**Work required**
Work out the number of lines with the word "para" in the material below, then reply with that number only.

**Dataset records**
******

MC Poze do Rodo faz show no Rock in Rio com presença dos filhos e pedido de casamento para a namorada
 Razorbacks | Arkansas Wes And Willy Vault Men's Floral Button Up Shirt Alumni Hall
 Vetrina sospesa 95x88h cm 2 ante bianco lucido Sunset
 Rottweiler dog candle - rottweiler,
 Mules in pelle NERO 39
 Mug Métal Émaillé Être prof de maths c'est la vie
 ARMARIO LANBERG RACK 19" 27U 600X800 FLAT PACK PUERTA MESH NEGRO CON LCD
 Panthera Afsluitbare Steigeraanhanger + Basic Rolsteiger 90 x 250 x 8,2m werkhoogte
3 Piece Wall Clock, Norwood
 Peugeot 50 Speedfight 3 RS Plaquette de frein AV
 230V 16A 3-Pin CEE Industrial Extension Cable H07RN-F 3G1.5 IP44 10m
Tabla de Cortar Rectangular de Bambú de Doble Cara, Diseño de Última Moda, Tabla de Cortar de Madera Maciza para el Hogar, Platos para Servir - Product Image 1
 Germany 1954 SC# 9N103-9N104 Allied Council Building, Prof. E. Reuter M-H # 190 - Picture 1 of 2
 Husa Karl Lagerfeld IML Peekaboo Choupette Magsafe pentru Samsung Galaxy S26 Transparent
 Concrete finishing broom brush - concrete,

******

**Finished exercise**
2